What with all this and the very generous and easy to get Guild Bank and its extensions, somewhat to my surprise I find myself looking forward more to EQ2's new bag sorting options than to the prospect of a fire sale on storage in Tyria. Indeed, if I was going to take advantage of any of ANet's current promotions, it would more likely be the 30% off the game itself. 

I don't really need a third account though. Do I?



Sunday, March 4, 2012

Just One More Thing...

Sunday Morning. By long tradition a time to sort through packs and bags and vaults. To wake sleepy half-elves and dozing dwarves and send them grumbling down to the mailbox or the bank. Sometimes morning runs into afternoon. Sometimes it lasts all day.
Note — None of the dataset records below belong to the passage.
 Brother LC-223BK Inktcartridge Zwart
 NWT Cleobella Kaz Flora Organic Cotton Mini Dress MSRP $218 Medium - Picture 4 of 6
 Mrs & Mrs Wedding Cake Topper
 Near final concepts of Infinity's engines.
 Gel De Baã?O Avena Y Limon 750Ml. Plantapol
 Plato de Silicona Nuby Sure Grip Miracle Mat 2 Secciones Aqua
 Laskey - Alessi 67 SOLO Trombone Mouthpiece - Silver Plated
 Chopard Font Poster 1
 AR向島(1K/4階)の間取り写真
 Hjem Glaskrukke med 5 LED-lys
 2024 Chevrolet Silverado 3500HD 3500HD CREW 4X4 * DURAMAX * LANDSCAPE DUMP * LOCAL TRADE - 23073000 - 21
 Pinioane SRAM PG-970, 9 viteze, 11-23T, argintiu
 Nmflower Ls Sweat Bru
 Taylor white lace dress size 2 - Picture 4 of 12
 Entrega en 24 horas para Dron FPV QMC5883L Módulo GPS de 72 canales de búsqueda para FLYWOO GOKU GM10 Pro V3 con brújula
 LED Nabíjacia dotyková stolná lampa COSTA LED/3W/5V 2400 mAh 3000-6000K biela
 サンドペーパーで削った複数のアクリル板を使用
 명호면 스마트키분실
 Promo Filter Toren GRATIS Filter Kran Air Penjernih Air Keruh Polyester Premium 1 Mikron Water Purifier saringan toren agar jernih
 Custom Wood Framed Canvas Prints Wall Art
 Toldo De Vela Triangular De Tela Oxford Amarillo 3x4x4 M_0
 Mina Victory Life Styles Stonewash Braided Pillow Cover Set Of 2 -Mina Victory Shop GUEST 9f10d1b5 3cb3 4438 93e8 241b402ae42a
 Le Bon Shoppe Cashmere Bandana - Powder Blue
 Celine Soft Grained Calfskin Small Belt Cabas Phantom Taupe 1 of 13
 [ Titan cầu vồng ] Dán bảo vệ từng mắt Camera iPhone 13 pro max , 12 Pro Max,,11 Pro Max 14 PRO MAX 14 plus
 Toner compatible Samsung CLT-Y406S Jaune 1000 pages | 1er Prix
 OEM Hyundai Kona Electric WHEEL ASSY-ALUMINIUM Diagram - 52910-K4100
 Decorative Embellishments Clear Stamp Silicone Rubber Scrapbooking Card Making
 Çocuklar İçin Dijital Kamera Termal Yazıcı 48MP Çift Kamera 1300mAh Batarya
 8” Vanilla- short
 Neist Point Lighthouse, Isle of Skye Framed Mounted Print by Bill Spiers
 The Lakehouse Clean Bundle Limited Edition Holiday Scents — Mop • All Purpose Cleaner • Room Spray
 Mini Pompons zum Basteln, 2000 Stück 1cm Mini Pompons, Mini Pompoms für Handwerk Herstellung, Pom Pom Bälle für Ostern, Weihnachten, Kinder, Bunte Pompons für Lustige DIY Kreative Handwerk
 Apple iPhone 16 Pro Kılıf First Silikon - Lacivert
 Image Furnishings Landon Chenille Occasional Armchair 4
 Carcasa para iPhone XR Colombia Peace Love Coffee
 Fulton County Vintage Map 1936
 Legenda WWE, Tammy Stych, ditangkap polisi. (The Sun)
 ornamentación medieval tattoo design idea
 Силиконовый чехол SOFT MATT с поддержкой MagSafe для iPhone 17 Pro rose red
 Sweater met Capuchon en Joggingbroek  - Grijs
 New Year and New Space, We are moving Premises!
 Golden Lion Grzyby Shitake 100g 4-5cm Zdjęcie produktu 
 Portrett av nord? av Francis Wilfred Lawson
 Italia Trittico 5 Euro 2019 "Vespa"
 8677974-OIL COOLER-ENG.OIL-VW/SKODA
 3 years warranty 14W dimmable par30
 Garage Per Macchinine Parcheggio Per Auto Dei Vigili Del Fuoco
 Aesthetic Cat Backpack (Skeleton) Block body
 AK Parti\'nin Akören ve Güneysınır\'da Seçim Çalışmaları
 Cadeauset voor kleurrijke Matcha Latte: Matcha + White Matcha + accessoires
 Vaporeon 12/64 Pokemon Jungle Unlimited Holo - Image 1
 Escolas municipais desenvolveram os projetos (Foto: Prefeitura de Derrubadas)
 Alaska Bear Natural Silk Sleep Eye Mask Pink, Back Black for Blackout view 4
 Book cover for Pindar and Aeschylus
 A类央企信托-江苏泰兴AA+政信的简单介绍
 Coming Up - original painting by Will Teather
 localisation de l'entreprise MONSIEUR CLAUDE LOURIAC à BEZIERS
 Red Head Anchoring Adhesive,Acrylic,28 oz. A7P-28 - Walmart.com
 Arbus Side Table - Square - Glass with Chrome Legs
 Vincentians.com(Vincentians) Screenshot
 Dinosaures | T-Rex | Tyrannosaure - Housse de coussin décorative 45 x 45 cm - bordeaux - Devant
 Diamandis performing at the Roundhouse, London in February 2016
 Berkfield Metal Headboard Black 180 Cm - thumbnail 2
Alright, I'll come clean. Sometimes it lasts all week. An inordinate amount of my gameplay in most MMOs seems to consist of moving items from one virtual storage area to another. There's a reason this blog is called "Inventory Full".

Am I complaining? Hardly! It's one of the things I enjoy the most. It's satisfying in the same way tidying a cluttered room is satisfying, only without the dust and the endless bending over. Nothing better than sitting back after a couple of hours hard clicking to see three empty bags looking back at you. Another 120 slots to fill with Large Meaty Bones and Droag Egg Fragments.

Sunday Morning at the Bank. With Bear.
Available storage space has a big influence on how loyal I am to an MMO. A game that allows me to hoard vast quantities of junk that I'll probably never find a use for has a significantly better chance of seeing me log in regularly and keep on logging in for years than one that doesn't. I may lose interest in progressing the characters, I may never have been interested in the story, but I will always need to visit my stuff.

Spot the odd one out
 Contrarily, MMOs that are extremely stingy with storage space sort of work for me too. It's liberating to know that I can't just pick up everything that falls out of a goblin or hang onto all my no-stats starter gear in case I ever get the urge to stroll around town dressed as a dirt-poor farm-boy. Having just the one bag and a measly bank vault means I spend a lot more time actually doing the things the designers probably meant me to do, like quests and stuff. I've never once felt tempted to spend real money to get more space, though, so that part of the design doesn't seem to be working.

I rarely build up any kind of long-term connection with MMOs where space is a commodity. I find I think of myself as a wandering ronin. Oh alright then, The Littlest Hobo. I'm free to come and go as I please, and after a while I don't please all that often and finally not at all.

So, masses of storage space good, almost no storage space also good, if not for long. It's in the middle that I run into problems. I moaned about Lord of the Rings Online a while back. At the time I was complaining more about how tiny everything was rather than how much of it I had but the sheer quantity of junk that I have squashed into a middling amount of storage space does present a real barrier to entry when it comes to dropping back in.

No I am not a "beardy hobbit"
What I lack in height...
The recently-announced and somewhat controversial Premium Wallet that I read about over at KTR  isn't going to help me all that much. I don't have all that many extraneous currency items clogging up my packs and even if I did I surely wouldn't be paying any ten dollars for aggregation rights. Mostly what I have is crafting raws. And food. And potions. Something else that Zubon mentions could just make a difference to my LotRO quality of life, though, and that's the Shared Bank. I might finally have found a use for the 1045 Turbine Points I have somehow accumulated. Well, 995 of them at least.

Not quite sure what brought all that on. None of this was what I intended to write about when I started at the top of the page. That's Sunday morning for you.